Task -> Transcribe the listing below in full, exactly, with no images.

Information supplied ->
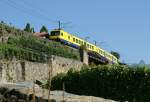 Lavaux The 'Train de Vignes/Vineyard Train' in his elements...
06.09.2009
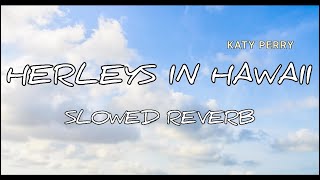 Herleys in Hawaii slowed reverb  new creation by Badal Kaushik [upl. by Bradney930]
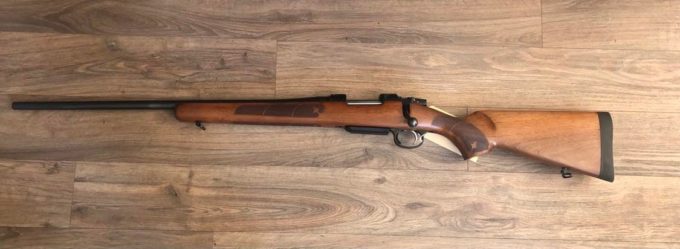 557 American gaucher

Task response ->
 Lavaux The 'Train de Vignes/Vineyard Train' in his elements...
06.09.2009
 Herleys in Hawaii slowed reverb  new creation by Badal Kaushik [upl. by Bradney930]
 557 American gaucher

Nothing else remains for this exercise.